米動画配信サービス「ネットフリックス」で今月3日から配信されているイエス・キリストを同性愛者として描いたコメディー映画が物議を醸している。配信中止を求める署名(ポルトガル語)が230万筆(31日時点)も集まり、映画を製作したブラジルのコメディーグループの事務所に火炎瓶が投げ込まれるなど、過激な行動に走る人まで出てきている。
物議を醸しているのは、「最初の誘惑」(原題:The First Temptation of Christ)と呼ばれる46分の短編コメディー映画。1988年に公開されたマーティン・スコセッシ監督の映画「最後の誘惑」(原題:The Last Temptation of Christ)をもじったタイトルになっている。
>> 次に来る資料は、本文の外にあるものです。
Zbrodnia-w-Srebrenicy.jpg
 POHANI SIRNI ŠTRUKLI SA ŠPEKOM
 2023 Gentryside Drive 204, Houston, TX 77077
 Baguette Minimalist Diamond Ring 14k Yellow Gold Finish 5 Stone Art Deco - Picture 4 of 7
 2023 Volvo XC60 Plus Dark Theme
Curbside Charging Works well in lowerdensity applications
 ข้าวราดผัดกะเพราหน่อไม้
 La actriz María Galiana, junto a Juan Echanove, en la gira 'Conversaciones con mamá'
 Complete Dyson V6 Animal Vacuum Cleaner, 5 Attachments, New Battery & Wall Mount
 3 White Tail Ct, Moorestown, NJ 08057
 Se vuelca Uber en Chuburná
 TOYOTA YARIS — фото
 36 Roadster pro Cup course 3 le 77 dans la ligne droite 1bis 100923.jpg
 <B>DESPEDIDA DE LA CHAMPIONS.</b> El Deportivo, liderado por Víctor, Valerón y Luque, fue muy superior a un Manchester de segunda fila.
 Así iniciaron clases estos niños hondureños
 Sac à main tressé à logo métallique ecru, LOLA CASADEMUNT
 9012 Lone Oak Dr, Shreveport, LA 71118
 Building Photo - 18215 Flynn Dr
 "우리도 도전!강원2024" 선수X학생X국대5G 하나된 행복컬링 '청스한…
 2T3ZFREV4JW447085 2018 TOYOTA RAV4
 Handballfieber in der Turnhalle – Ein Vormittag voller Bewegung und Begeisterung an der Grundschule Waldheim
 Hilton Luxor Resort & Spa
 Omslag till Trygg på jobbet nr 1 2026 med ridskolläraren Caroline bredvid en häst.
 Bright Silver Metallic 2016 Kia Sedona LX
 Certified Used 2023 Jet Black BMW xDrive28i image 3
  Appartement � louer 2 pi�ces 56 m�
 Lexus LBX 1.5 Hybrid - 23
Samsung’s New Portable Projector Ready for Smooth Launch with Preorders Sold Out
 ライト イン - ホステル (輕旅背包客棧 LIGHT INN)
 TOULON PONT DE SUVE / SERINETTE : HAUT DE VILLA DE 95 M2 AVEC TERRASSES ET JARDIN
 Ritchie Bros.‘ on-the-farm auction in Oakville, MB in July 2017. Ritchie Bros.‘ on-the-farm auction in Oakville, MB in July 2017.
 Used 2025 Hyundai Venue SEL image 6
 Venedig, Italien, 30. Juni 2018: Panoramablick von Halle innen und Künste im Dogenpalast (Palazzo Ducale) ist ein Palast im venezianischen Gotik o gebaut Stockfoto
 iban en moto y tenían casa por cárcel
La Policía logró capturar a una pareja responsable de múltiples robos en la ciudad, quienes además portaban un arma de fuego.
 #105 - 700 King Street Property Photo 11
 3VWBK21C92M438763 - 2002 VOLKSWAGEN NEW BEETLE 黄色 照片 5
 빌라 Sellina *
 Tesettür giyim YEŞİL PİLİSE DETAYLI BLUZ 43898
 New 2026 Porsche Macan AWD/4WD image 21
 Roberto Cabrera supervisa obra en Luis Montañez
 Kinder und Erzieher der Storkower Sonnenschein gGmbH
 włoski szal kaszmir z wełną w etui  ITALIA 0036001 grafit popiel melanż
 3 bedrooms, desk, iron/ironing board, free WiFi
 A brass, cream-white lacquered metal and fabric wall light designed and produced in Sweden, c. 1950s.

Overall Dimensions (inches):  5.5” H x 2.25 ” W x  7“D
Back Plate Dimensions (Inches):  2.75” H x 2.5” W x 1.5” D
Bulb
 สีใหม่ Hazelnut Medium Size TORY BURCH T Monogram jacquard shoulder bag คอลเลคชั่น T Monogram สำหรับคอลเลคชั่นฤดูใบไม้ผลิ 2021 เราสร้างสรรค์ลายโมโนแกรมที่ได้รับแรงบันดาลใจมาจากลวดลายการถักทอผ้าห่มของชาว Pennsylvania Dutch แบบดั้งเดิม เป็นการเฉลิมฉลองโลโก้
映画の宣伝文には、「三十路のイエスは、サプライズゲストを連れて家族を訪れる。大混乱のクリスマススペシャル」といった表現がある。
映画を製作したのは、ブラジルのコメディーグループ「ポルタ・ドス・フンドス」。同グループが、キリスト教を笑いものにした映画を作るのは、これが初めてではない。昨年には、同じくネットフリックスで「最後の二日酔い」と題した映画を配信。宣伝文には、「聖書物語のパロディー『最後の二日酔い』では、目を覚ました使徒たちが、イエスが行方不明になっていることに気付く。使徒たちは、前夜のワイルドな最後の晩餐に起きた出来事の全貌を目撃することになる」と書かれていた。
「最初の誘惑」は、ブラジルのクリスチャンや著名人から激しい批判を浴びた。
ブラジルのジャイール・ボルソナロ大統領の息子で、自身も政治家であるエドゥアルド・ボルソナロ連邦下院議員は、同作について「われわれは表現の自由は支持するが、国民の86パーセントが信じていることを攻撃するほどの価値がこの作品にあるだろうか」と語った。
ブラジルはカトリックが多数派を占める国で、カトリック(約65%)とプロテスタント(約22%)を合わせると、人口の8割以上がキリスト教徒の国だ。
カトリック教会のエンリケ・ソアレス・ダ・コスタ司教(パウマレス教区)は、「冒とく的で下品で無礼だ」と抗議。同作のために、ネットフリックスの会員登録をキャンセルしたことを明かした。
一方、クリスマス前日の24日には、ポルタ・ドス・フンドスの事務所に火炎瓶が投げ込まれる事件が発生。負傷者は出なかったが、同グループは事件を受け、ツイッター(ポルトガル語)に、「国がこの増悪の嵐を乗り越え、言論の自由と共に愛が勝つと確信しています」などとコメントした。